-- Description of the task --
Within the listing below, give again exactly the lines between the one containing "İl Millî Eğitim" and the one containing "GHORID: Mu'izz al-Din", inclusive, pictures left aside.

-- Available data --
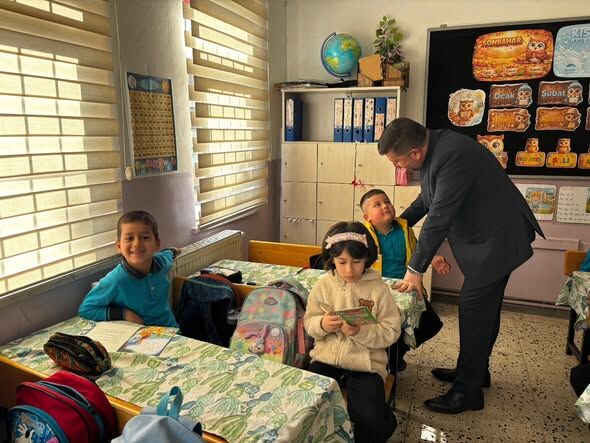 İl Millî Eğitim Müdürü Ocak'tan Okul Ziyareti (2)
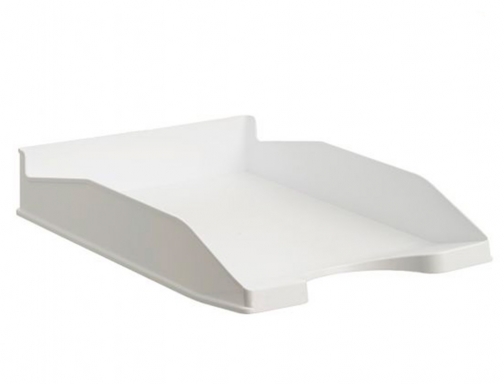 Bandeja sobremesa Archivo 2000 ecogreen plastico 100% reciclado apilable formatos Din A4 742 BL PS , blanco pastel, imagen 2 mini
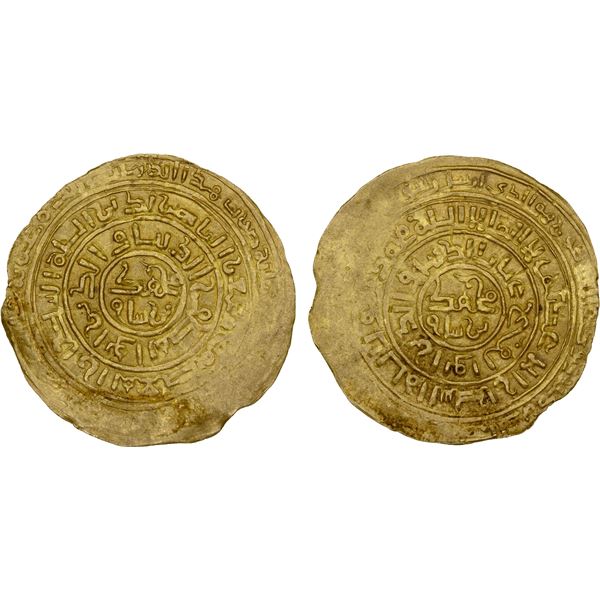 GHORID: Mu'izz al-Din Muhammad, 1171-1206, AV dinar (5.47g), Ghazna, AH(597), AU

* * *

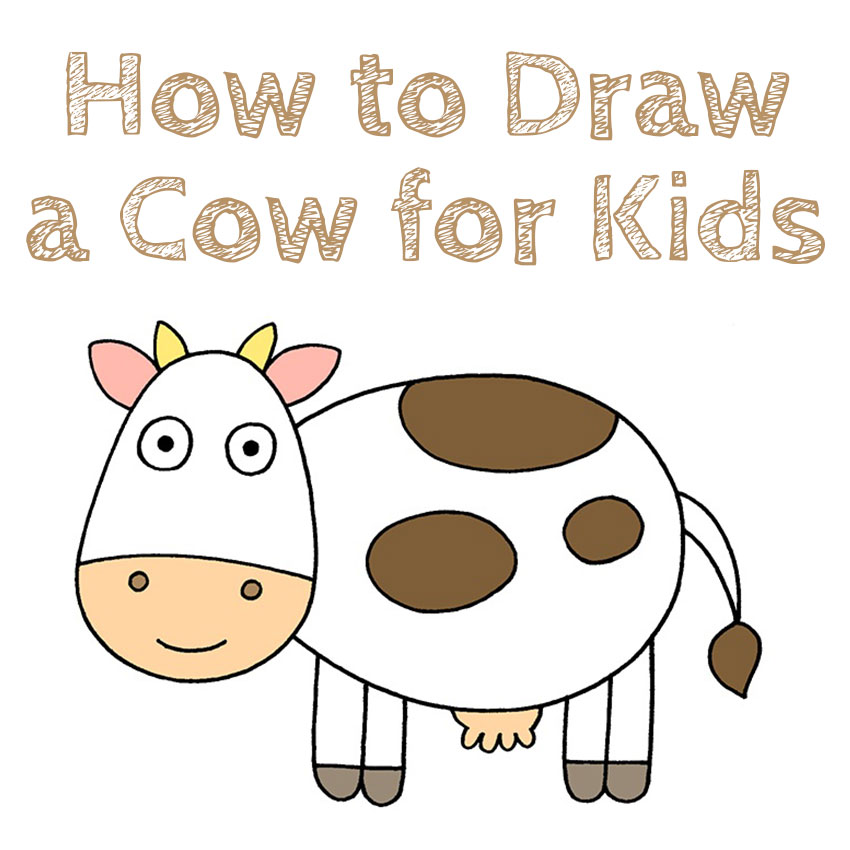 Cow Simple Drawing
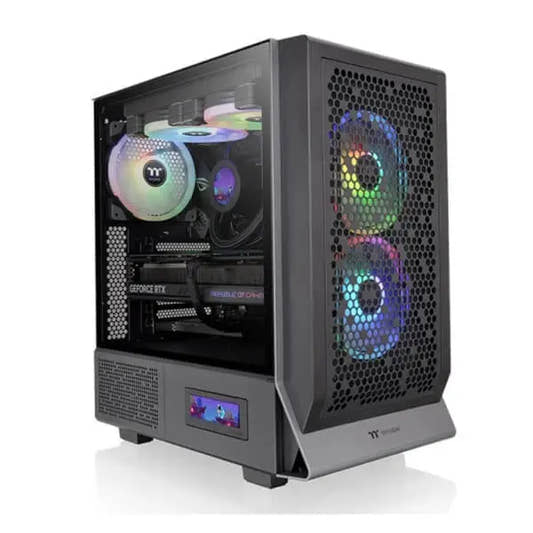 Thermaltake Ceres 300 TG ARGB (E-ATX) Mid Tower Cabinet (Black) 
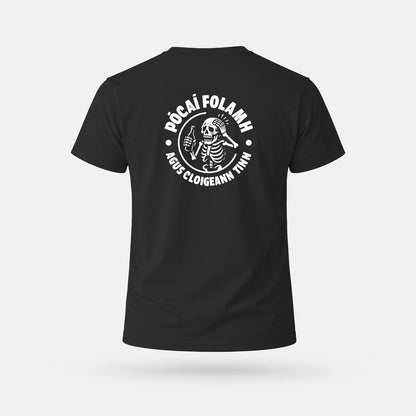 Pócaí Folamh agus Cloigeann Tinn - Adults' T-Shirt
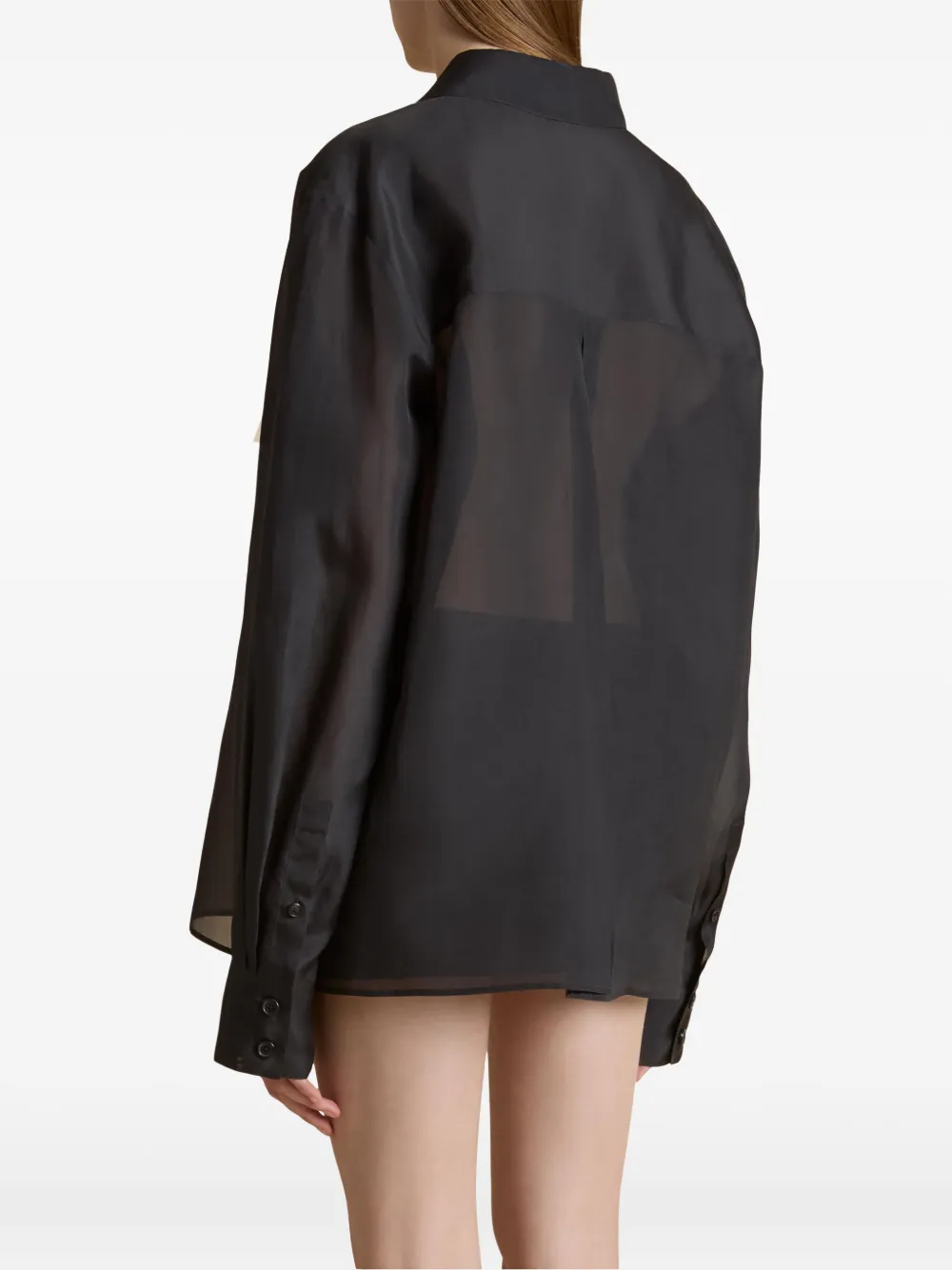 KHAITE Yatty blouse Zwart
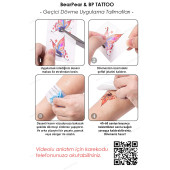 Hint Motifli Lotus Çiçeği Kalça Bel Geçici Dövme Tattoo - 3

--

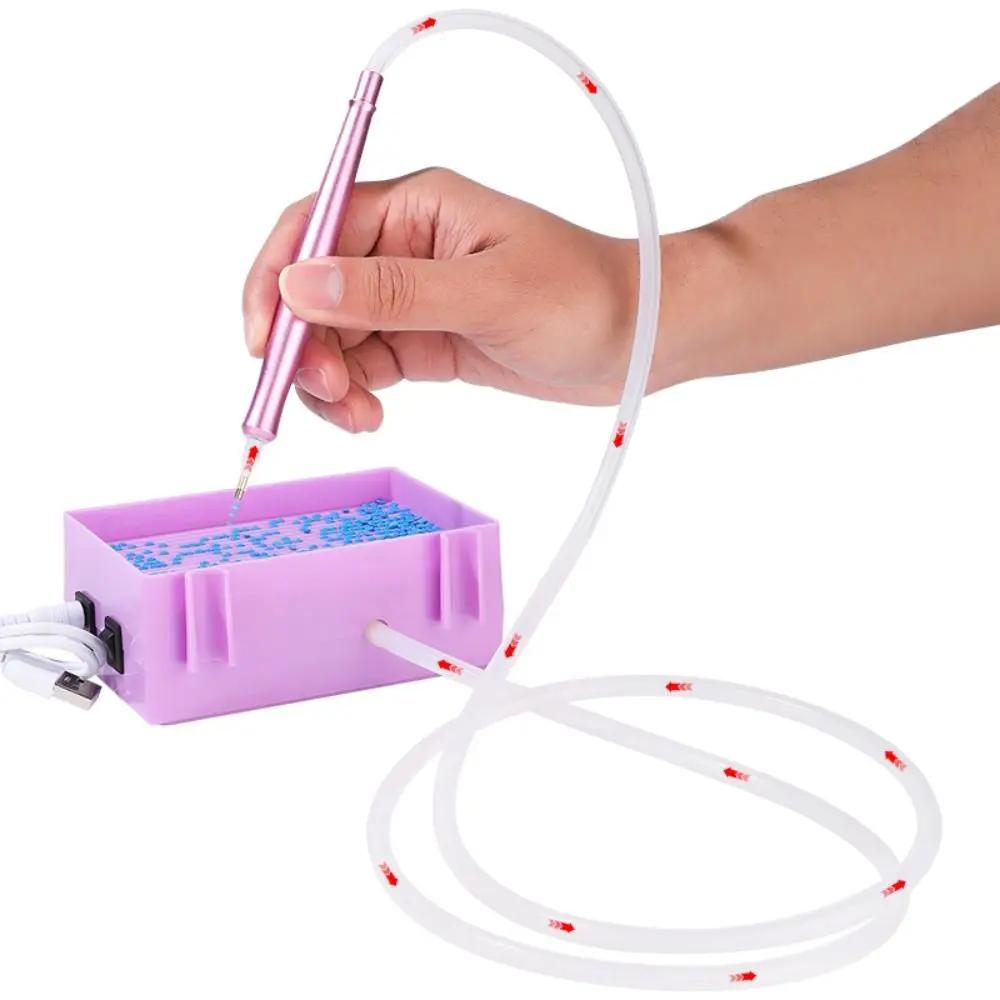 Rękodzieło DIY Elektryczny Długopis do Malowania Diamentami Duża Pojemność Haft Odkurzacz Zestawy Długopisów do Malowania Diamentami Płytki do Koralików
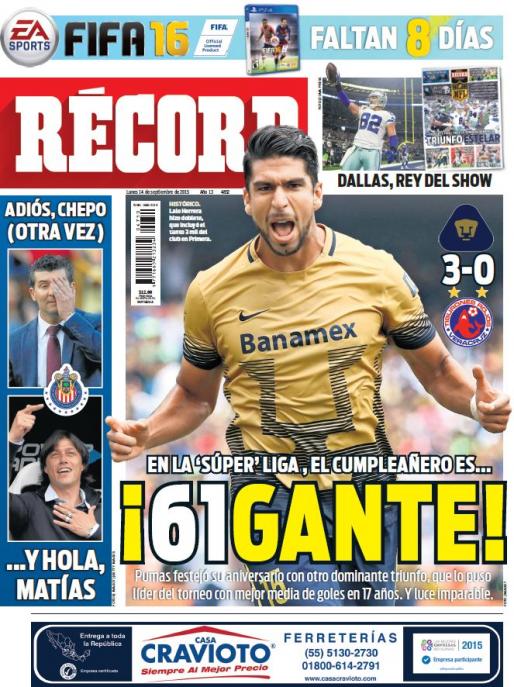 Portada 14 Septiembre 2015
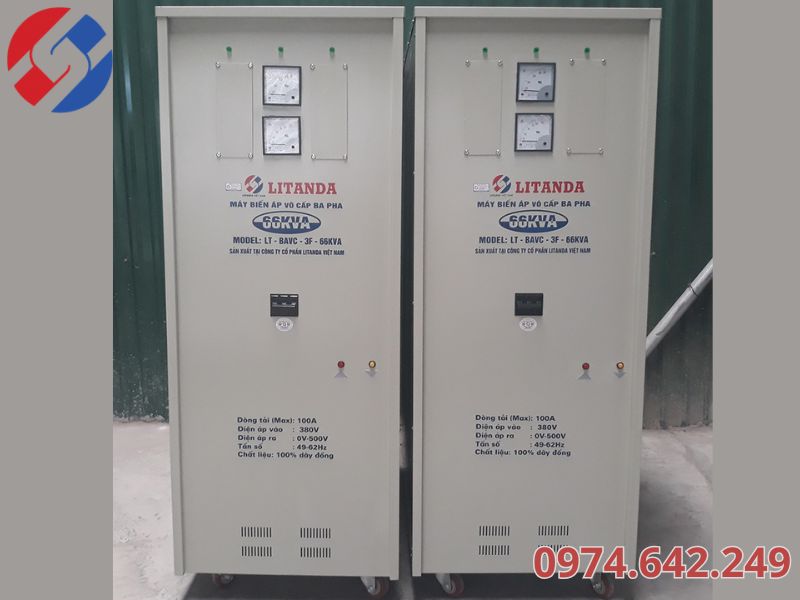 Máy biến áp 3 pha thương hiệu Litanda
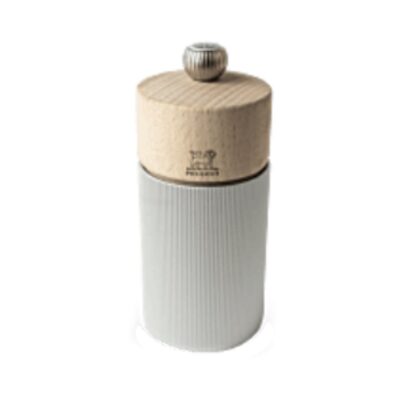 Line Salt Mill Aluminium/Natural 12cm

-- The completed task --
 İl Millî Eğitim Müdürü Ocak'tan Okul Ziyareti (2)
 Bandeja sobremesa Archivo 2000 ecogreen plastico 100% reciclado apilable formatos Din A4 742 BL PS , blanco pastel, imagen 2 mini
 GHORID: Mu'izz al-Din Muhammad, 1171-1206, AV dinar (5.47g), Ghazna, AH(597), AU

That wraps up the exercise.